We put out stuff in a different way this summer: a song at a time, two weeks apart, streaming first. When we started releasing stuff randomly this summer, I didn’t really see it as part of a record. I wasn’t in the album mindset by any means. We were having a whole bunch of fun just finding ways to release random songs. And I got really amped up because I was like, “Well, this means a lot. This mean you no longer have to think of a song in the ‘is it going to fit on the album?’ way.” Maybe the way you release an album changes? Certainly the way you pick up a single could be dramatically changed. I really wanted to learn from this summer and I wanted it to feel very experimental. I wanted it to feel out there and weird and just different. Not for the sake of being weird, but so everybody knew we were trying new things and we didn’t have the answers. We still don’t.

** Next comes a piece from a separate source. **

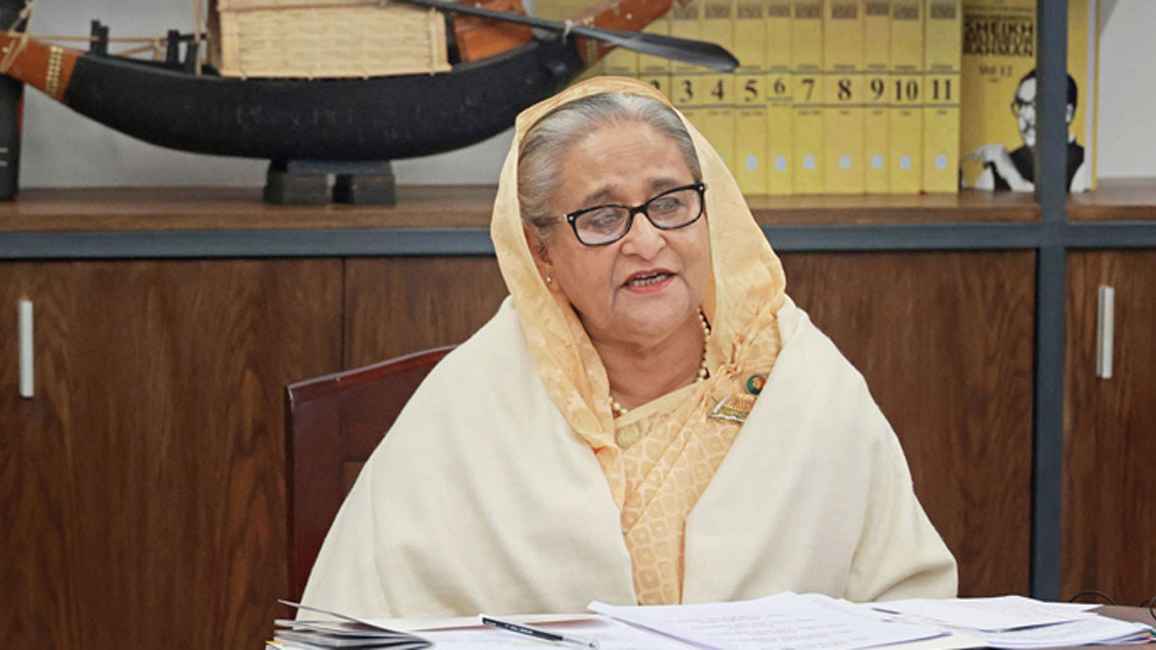 ৮০ মণ ধান বিক্রি করে ৯৬ হাজার টাকা আয় করলেন প্রধানমন্ত্রী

So the temporary answer, then, was to showcase the songs in their various formats?
It was like, “OK, well, we’ll do an EP maybe based on this summer’s stuff?” But I didn’t really like the idea of just releasing six or seven songs and going, “OK, cool. Good story.” So we found a way to make it more fun. The fans have seen us do these crazy live versions of the songs; our live renditions of songs have taken a lot of crazy spins. But also they’ve seen us do these acoustic gigs in which I play mandolin on most of the stuff. I love playing secondary instruments because it makes us all re-think some things. So 21 was really just created to bring the songs together, but not in a haphazard way.

“I’ve found a lot of new ways to write lately, which has been really interesting for me.”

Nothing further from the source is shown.